## Supplied material:

/---

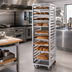 Thumbnail image #2 for Dinex DXP733S Aluminum Channel Side-Load Pan Rack for 33 18 x 26 Inch Trays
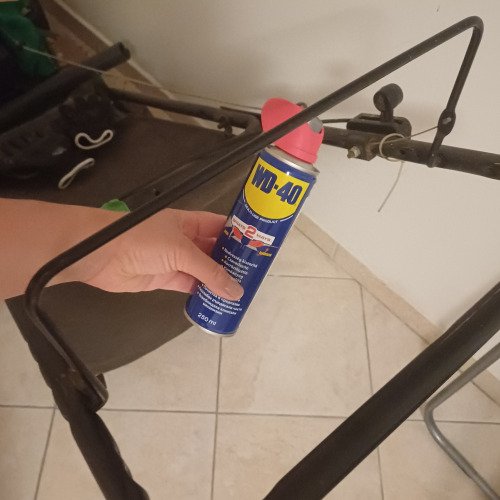 Fűnyíró karbantartás wd-40-el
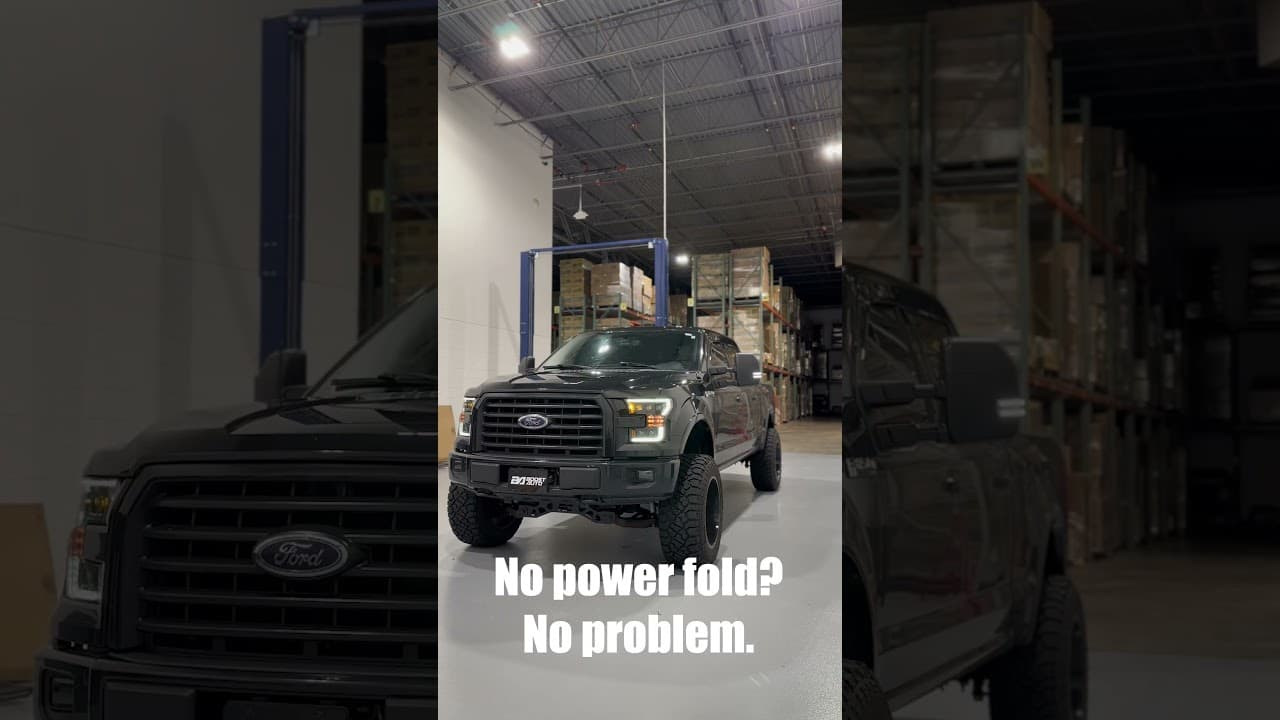 Upgrade Your 2015-2020 Ford F-150 to Power Fold / Power Extend | Boost Auto Wireless Upgrade #shorts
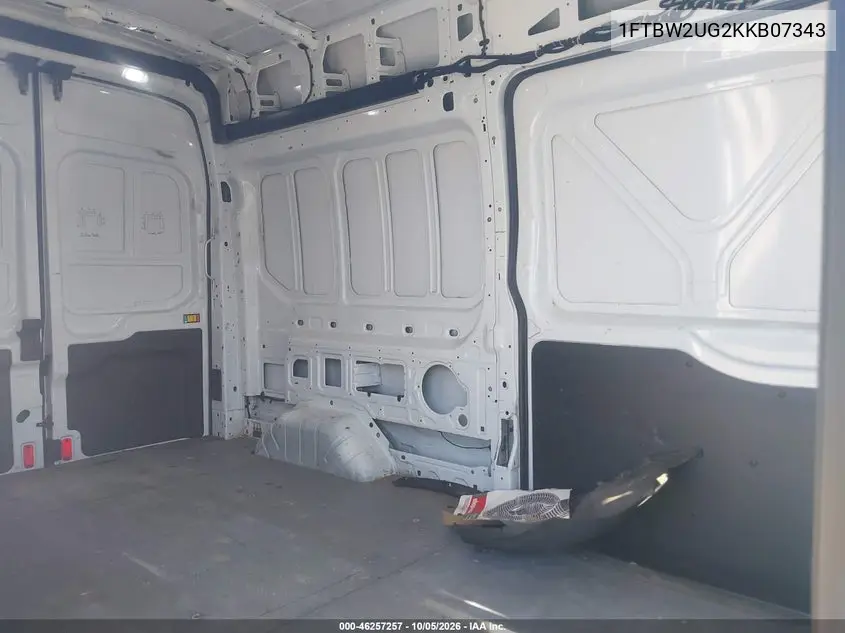 2019 FORD TRANSIT VIN 1FTBW2UG2KKB07343 — фото 8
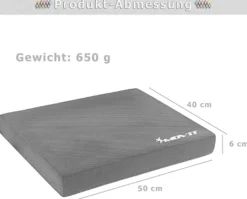 MOVIT Balance Pad aus Schaumstoff 50 x 40 x 6 cm Schwarz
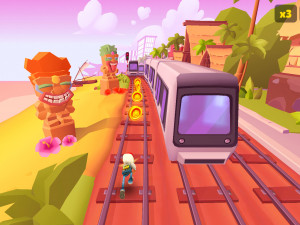 Игра Сабвей Серф: Гавайи 2025 (Subway Surfers World Tour: Hawaii 2025) — играть онлайн бесплатно (изображение №3)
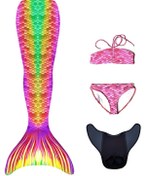 Resim Kuaki Mermaids Deniz Kızı 4lü Takım Bikini Kostüm Seti - Cancun +10 Yaş 
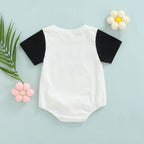 Lioraitiin 0-18M Infant Baby Boys Independence Day Bodysuit Short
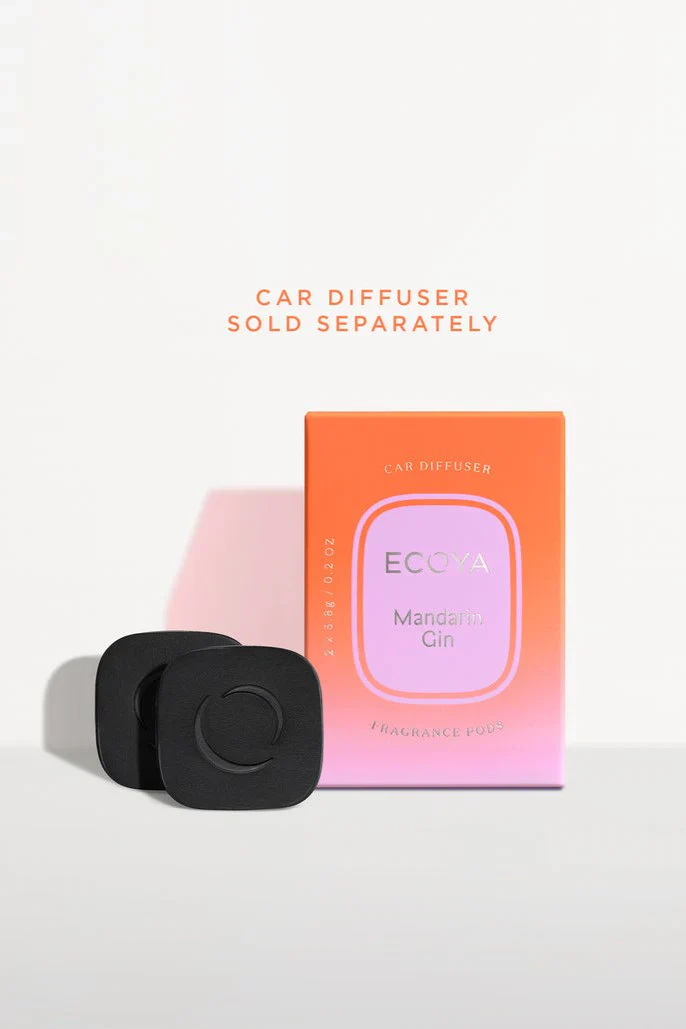 Ecoya Car Diffuser Mandarin Gin Refill 2 Pack - Image 2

\---

## Task description:
A word-for-word copy of all the data, without pictures, is the expected output.

## Worked solution:
 Thumbnail image #2 for Dinex DXP733S Aluminum Channel Side-Load Pan Rack for 33 18 x 26 Inch Trays
 Fűnyíró karbantartás wd-40-el
 Upgrade Your 2015-2020 Ford F-150 to Power Fold / Power Extend | Boost Auto Wireless Upgrade #shorts
 2019 FORD TRANSIT VIN 1FTBW2UG2KKB07343 — фото 8
 MOVIT Balance Pad aus Schaumstoff 50 x 40 x 6 cm Schwarz
 Игра Сабвей Серф: Гавайи 2025 (Subway Surfers World Tour: Hawaii 2025) — играть онлайн бесплатно (изображение №3)
 Resim Kuaki Mermaids Deniz Kızı 4lü Takım Bikini Kostüm Seti - Cancun +10 Yaş 
 Lioraitiin 0-18M Infant Baby Boys Independence Day Bodysuit Short
 Ecoya Car Diffuser Mandarin Gin Refill 2 Pack - Image 2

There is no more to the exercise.